On the Cleverness of Compilers - nkurz
http://alexey.radul.name/ideas/2013/cleverness-of-compilers/
======
corysama
I've worked with a sufficiently smart compiler before: The HLSL (shader)
compiler for the Xbox360. It truly is a grand experience. The general
recommendation was to not try to outsmart the compiler. Write everything as
straight-forward as possible. Just watch out for work done on values that
influence the result but aren't really necessary (ex: multiplying by an input
that will always be 1).

There were several occasions where I'd write out some elegant math and think
"Yeah, that's pretty.
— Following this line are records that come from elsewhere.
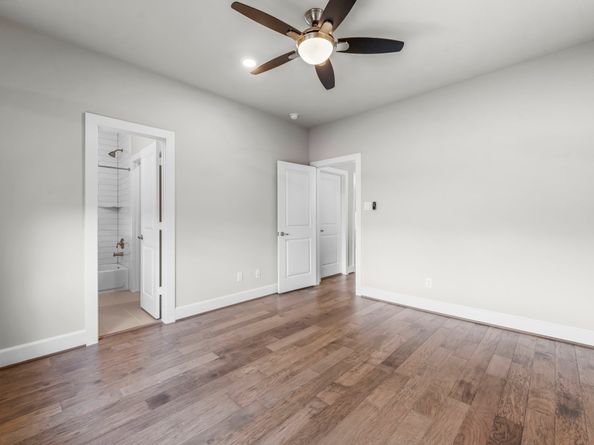 954 Fisher Street E, Houston TX 77018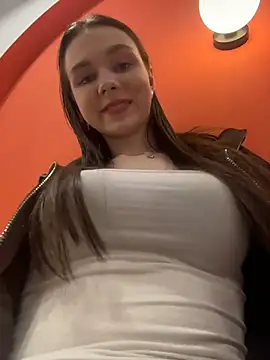 MilaBee online show from March 13, 2026, 11:17 am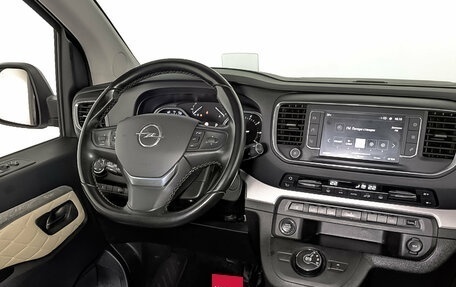 Opel Zafira Life I, 2021 год, 3 800 000 рублей, 28 фотография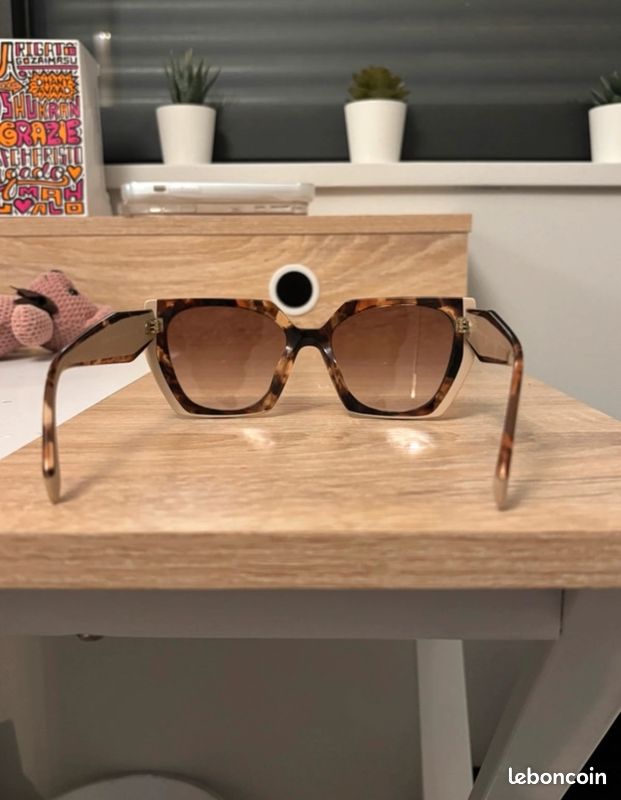 Lunettes PRADA (image 3)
But, it would run 30% faster if I transposed everything.
But, then I'd have to hand-interleave the internals of all these functions..."
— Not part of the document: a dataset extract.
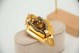 Conjunto de adereços com brincos e pregadeira em ouro amarelo com pérolas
Then I'd check the assembly output and Bam! the compiler was already producing
exactly what I had in mind!

The downside was that it took several minutes to compile <100 line sources
that produce <1000 instruction programs. That's with a language completely
specialized around small-scale linear algebra that maps very directly to
hardware that is completely specialized around small-scale linear algebra;
with branching highly discouraged, all functions calls expected to inline away
completely, no recursion, no pointers, no heap, no imports, tiny-if-any
headers and a tiny standard lib.

It's my understanding that most of the smartness of the 360's HLSL compiler
came from using O(n^3) analysis algorithms that were simply impractical at a
larger scale. Our game had thousands of shader programs that were mechanically
specialized for different situations. As a result, recompiling all of them
after changing the tiny shared header took many hours. "Thankfully" the C++ of
the game took so long to compile that we were already using Xoreax
Incredibuild to distribute the compilation. We adapted that setup to
distribute shader compilation and brought the turn-around time down to 15
minutes by leaching cycles from several dozen of my co-workers' machines.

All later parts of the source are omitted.